治療法

投薬

胆石は無症状の場合、血液検査上でも炎症像が確認できるようなことにはならないので治療の必要がありません。

しかし、一旦発作(強い痛み)を発症した場合には治療が必要となります。どのような治療法を取るかは胆石の状態にもよりますが、比較的軽い症状の場合は内服薬による内科的治療法が第一選択肢となります。このとき処方されるのは経口胆石溶解剤です。

この薬はその名のごとく、胆石を溶かす作用のある薬を飲む治療法です。この治療では胆嚢は残りますが、治療が終了するまでに長期間かかるのと、胆石は再発率の非常に高い病気だというのがネックになってきます。

投薬期間には幅があり、大体6~36ヶ月程度必要だとされています。また効果のほども30%程度とあまり高い方ではありません。その理由はこの薬がコレステロール系の胆石以外には効果が無いからで、結石の種類は実際に石を取り出してみないと分からないからです。

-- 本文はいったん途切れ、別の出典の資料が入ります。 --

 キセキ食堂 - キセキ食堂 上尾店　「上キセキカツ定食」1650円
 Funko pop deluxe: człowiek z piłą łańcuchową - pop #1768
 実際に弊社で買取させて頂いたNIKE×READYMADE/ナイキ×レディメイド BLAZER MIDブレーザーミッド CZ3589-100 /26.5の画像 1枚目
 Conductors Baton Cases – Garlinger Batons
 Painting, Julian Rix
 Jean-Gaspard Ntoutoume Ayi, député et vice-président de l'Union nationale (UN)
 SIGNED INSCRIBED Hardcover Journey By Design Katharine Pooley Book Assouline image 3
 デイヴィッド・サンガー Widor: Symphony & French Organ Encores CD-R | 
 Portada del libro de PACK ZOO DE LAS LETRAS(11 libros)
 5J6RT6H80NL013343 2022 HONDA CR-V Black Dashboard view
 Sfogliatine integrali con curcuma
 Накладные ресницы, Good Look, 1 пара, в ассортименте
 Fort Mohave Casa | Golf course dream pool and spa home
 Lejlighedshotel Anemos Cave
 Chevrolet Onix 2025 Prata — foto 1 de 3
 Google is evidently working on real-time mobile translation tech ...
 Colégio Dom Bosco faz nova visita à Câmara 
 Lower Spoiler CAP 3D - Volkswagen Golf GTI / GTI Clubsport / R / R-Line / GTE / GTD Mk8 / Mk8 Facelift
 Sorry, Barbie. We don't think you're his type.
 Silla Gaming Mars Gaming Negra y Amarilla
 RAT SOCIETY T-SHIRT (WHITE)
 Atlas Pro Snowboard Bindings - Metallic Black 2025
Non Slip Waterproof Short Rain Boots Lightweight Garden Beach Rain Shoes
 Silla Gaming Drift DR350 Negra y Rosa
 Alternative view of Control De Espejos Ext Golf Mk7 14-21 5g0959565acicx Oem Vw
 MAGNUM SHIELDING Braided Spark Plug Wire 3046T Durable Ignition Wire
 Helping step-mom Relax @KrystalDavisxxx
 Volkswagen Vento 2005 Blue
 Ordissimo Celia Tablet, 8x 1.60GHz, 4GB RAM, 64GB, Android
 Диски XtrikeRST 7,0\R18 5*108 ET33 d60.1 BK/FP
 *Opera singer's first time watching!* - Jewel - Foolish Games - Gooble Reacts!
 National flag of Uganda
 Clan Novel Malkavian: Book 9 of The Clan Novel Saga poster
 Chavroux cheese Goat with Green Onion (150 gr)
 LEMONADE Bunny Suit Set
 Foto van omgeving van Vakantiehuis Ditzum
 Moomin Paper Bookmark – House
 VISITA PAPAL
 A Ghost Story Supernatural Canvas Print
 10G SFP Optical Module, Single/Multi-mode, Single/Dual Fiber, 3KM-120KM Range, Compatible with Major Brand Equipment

また胆石の痛みに対処するために鎮痛剤も同時に飲む必要が出てきます。したがってこの治療の場合は軽症であることと、患者さんが切ることを望んでいない場合となります。しかし飲んで効かなかった場合はいよいよ手術ということになりますが、胆嚢摘出術の場合はお腹に小さい穴を数箇所開けるだけで済む簡単な手術です。

胆石は胆嚢で作られるので、胆嚢を取ってしまえば再発の危険性もなくなります。身体を傷つけずに長期間薬を服用することで治療するのか、手術を行って短期間で治癒させるのかは主治医とよく相談の上で決めて下さい。